About this task: Search the records that follow and extract every line containing the string "Dairy".

The data:
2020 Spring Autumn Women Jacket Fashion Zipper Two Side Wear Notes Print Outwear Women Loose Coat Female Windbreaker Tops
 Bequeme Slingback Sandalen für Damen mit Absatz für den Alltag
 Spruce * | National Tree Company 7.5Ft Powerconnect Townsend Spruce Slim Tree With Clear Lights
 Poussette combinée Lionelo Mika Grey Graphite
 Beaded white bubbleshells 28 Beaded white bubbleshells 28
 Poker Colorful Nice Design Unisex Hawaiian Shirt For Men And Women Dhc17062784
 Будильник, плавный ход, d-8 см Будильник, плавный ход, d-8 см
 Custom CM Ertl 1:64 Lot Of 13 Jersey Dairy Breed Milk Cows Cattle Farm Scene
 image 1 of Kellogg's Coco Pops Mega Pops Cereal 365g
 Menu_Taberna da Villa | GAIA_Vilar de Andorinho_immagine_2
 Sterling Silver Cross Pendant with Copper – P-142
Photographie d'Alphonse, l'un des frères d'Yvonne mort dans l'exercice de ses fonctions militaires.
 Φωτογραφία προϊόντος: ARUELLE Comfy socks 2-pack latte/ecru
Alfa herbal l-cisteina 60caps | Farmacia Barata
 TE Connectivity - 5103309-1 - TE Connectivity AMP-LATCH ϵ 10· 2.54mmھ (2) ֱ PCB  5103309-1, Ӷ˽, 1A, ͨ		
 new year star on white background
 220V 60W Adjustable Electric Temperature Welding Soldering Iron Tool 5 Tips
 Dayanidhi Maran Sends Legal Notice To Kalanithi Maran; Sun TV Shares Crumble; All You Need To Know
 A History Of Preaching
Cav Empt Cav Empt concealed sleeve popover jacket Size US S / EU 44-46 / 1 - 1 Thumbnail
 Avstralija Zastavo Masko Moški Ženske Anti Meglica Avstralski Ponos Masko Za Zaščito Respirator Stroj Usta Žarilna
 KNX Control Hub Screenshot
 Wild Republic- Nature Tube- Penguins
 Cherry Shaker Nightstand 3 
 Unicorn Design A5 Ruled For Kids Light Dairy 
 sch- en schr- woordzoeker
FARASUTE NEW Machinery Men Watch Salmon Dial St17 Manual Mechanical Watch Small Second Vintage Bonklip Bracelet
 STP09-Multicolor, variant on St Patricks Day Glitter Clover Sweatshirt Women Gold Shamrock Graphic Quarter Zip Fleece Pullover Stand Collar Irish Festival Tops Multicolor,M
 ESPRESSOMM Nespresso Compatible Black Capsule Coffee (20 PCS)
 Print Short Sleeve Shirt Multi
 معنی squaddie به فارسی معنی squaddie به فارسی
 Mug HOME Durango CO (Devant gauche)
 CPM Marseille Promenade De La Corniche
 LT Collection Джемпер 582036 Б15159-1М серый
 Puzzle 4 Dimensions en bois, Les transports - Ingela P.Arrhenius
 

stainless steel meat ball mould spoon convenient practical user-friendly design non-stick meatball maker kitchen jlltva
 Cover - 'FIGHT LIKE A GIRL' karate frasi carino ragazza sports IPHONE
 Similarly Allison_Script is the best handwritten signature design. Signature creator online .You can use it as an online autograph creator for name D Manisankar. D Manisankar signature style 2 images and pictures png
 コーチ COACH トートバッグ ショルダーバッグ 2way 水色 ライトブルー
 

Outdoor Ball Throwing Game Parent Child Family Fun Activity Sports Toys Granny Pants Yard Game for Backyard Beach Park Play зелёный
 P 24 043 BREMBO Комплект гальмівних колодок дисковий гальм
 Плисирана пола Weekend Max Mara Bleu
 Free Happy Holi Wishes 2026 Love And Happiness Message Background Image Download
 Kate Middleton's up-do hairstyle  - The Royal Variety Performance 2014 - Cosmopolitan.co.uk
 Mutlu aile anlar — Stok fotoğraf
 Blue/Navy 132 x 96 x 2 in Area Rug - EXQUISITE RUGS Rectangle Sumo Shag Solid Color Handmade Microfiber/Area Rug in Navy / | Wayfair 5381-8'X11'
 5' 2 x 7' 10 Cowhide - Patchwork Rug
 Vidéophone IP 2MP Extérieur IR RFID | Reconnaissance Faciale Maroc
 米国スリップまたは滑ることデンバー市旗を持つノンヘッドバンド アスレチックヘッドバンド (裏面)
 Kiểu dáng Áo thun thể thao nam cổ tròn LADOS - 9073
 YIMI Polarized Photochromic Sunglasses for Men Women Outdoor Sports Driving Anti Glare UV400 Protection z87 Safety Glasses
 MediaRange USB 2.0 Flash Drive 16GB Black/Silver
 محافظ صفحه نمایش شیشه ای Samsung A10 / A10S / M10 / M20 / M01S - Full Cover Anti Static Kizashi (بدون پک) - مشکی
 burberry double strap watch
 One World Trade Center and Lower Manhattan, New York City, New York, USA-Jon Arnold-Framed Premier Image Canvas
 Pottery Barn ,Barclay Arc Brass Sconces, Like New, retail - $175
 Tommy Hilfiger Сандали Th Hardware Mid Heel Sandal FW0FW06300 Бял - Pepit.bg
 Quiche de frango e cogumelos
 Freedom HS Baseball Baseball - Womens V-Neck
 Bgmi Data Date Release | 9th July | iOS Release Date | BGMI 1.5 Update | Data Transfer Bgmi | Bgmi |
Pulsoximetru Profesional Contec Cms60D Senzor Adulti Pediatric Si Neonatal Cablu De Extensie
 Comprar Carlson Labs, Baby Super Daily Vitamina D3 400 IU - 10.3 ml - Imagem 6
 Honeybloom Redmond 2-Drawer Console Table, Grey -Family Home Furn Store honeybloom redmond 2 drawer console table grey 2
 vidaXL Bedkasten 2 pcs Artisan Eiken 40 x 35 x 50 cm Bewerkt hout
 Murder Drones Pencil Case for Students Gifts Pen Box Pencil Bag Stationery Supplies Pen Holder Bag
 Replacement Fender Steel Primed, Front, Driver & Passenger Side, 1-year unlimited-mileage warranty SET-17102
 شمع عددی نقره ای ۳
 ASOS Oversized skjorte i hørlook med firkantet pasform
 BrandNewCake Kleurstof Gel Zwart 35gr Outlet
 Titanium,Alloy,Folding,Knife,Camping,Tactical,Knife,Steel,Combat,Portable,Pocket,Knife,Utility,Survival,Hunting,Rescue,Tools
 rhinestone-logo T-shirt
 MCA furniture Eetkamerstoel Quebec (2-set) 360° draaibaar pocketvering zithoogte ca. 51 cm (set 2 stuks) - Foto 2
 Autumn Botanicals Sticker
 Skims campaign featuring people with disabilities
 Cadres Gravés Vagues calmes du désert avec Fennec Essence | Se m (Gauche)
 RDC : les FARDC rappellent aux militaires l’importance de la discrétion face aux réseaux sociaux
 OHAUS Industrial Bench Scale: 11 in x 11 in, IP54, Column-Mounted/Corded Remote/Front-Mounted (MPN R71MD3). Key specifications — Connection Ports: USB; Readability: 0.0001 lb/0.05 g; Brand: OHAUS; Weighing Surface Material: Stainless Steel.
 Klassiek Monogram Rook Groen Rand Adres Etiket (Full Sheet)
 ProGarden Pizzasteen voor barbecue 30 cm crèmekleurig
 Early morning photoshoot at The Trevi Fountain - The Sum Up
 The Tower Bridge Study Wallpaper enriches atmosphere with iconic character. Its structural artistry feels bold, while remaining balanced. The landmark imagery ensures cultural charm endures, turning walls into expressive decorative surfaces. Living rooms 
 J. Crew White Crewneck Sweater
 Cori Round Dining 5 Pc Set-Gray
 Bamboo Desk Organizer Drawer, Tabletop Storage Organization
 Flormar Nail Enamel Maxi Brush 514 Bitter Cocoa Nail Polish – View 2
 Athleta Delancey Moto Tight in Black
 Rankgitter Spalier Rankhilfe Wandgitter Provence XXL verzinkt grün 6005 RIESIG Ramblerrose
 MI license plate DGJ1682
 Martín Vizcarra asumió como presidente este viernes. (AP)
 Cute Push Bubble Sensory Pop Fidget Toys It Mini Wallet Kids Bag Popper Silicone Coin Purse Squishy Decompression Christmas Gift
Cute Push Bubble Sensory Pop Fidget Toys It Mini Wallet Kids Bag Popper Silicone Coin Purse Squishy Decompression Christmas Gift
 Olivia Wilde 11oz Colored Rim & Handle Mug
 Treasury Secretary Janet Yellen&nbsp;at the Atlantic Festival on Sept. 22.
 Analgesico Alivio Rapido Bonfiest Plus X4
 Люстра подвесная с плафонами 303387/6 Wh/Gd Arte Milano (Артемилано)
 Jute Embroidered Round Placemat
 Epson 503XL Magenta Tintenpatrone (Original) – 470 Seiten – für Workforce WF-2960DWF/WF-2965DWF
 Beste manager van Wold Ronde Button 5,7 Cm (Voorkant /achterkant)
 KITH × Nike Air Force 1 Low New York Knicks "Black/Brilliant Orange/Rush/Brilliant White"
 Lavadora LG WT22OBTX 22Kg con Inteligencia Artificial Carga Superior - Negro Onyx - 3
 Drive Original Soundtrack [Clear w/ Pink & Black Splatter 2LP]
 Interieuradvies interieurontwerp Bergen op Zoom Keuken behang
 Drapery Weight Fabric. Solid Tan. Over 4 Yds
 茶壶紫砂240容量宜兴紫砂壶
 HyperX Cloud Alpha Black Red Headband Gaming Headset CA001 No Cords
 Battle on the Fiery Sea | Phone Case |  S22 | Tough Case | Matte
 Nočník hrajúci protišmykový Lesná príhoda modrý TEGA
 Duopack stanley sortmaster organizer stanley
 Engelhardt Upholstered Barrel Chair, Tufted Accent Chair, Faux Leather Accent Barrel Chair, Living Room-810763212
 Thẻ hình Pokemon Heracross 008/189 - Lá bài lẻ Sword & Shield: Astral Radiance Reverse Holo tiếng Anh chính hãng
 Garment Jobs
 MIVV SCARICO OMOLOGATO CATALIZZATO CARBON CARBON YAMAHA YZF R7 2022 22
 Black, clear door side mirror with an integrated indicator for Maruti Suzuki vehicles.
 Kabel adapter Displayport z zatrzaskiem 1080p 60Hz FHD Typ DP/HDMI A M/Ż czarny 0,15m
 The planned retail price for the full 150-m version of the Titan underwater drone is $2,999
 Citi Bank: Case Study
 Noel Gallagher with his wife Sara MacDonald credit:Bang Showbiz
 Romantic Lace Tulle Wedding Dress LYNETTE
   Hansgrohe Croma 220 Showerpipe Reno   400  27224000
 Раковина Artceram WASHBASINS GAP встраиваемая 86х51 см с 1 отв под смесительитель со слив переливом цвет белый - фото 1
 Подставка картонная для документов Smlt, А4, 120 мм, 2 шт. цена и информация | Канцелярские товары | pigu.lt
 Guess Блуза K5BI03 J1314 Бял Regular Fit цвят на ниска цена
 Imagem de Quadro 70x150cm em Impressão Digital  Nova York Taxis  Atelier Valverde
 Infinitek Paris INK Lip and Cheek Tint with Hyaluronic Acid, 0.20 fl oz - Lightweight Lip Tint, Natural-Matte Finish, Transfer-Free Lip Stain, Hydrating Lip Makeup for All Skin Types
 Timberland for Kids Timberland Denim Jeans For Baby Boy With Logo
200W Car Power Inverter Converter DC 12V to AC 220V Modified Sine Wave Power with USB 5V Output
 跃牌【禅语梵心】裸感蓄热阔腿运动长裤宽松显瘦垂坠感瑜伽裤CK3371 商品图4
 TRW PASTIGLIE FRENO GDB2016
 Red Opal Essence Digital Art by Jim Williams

Your response:
 Custom CM Ertl 1:64 Lot Of 13 Jersey Dairy Breed Milk Cows Cattle Farm Scene
 Unicorn Design A5 Ruled For Kids Light Dairy 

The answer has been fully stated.